Emotional intelligence certainly involves the ability to recognize emotions in other people. However, this hardly captures the full essence of emotional intelligence. In a sense, this branch of intelligence is also comprised of the ability to think about ones own emotions and reason through them. In addition, someone with a high level of emotional intelligence would be able to recognize and empathize with other people’s emotions. Both abilities can lead to success. Emotional intelligence helps people to relate to one another and become easier to work with, especially on a day-to-day basis or in a leadership role (McCleskey, 2014). That is not to say that someone with high emotional intelligence is a push over. Quite the contrary as someone who can effectively understand emotions is more capable of talking about them and addressing problems with others. Overall emotional intelligence is a positive factor. It represents a willingness to understand the self and others, which is an aspect of maturity. It also rejects selfishness, which demonstrates will power, all extremely important aspects of the psychological persona.

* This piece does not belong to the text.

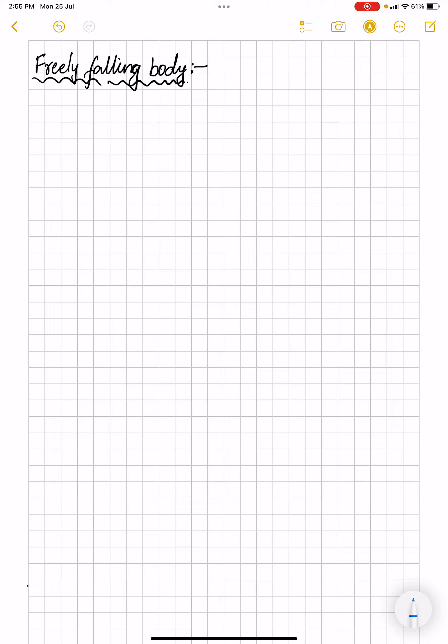Hello everyone. In this video we'll start learning about freely falling body. In our previous video we started motion under gravity and its introduction about acceleration due to gravity. Now we will see freely falling body in detail. Let us start with the diagram and observe what terms are included and see some expressions and derivation.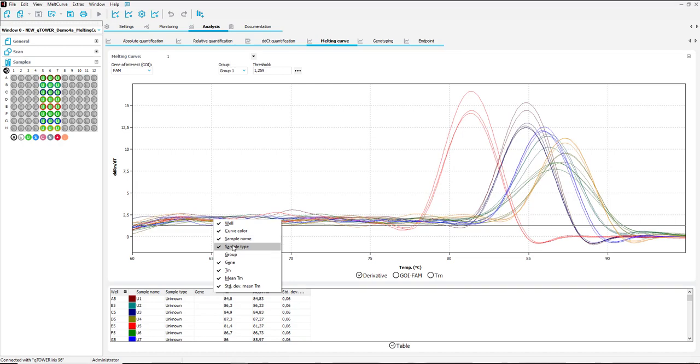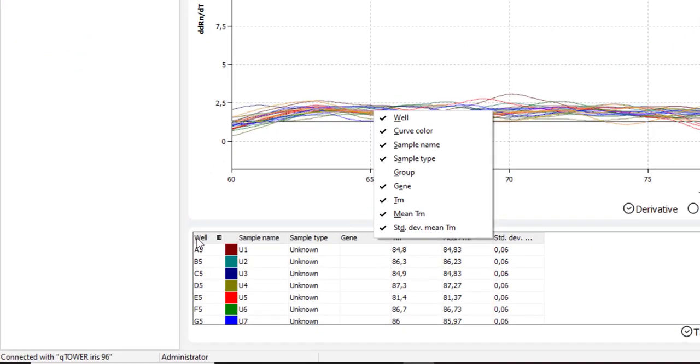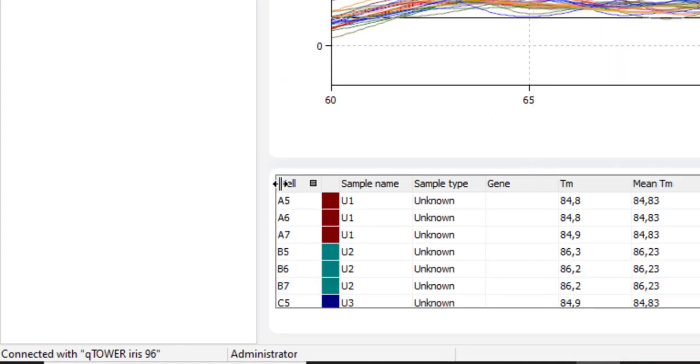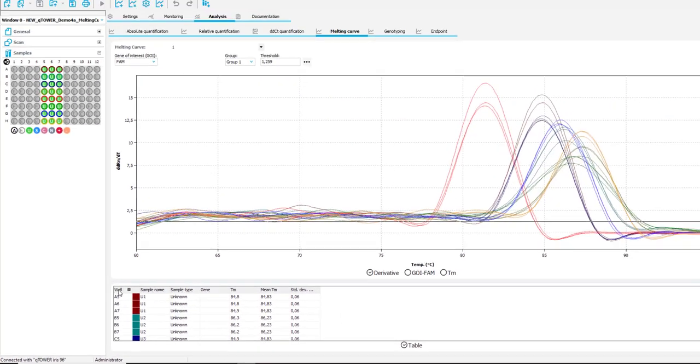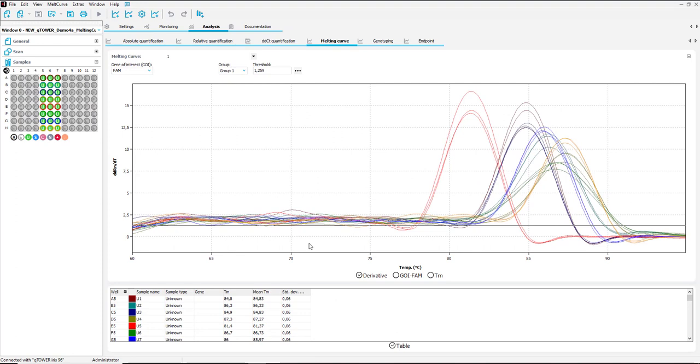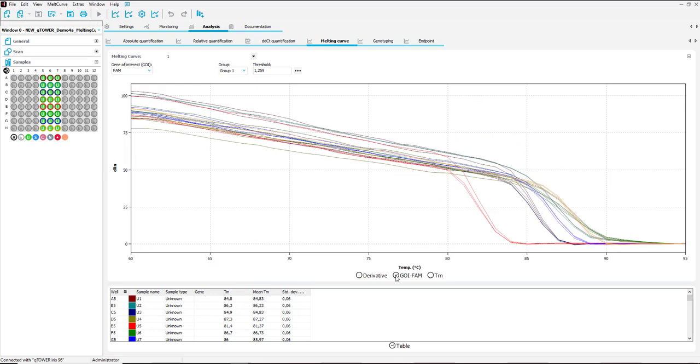By clicking to the well you can change the arrangement of the results from column to row wise and vice versa. In the tabs below you can switch between the different depictions of the melting curves and they will show a graphical representation of the analysis results.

Because of the importance of emotional intelligence, and its unique ability to provide insight to others, it is of the utmost important that people exercise emotional intelligence and mature and develop this skill with age. There are many possible ways in which to achieve this goal. One might talk to a close friend about their emotions to have someone to offer advice and an outside perspective. Or, reading about theories of emotional intelligence may be helpful. Finally, a stressed mind cannot accurately comprehend emotion. Some people may benefit from meditating on their thoughts.
- Baumeister, R. F., & Bushman, B. J. (2014). Social psychology and human nature (3rd ed.). Belmont, CA: Thomson Wadsworth.
- Hockenbury, Don H. & Hockenbury, Sandra E. (2012). Psychology Sixth Edition. Worth Publishers.
- McCleskey, J. (2014). Emotional intelligence and leadership. International Journal of Organizational Analysis, 22(1), 76-93.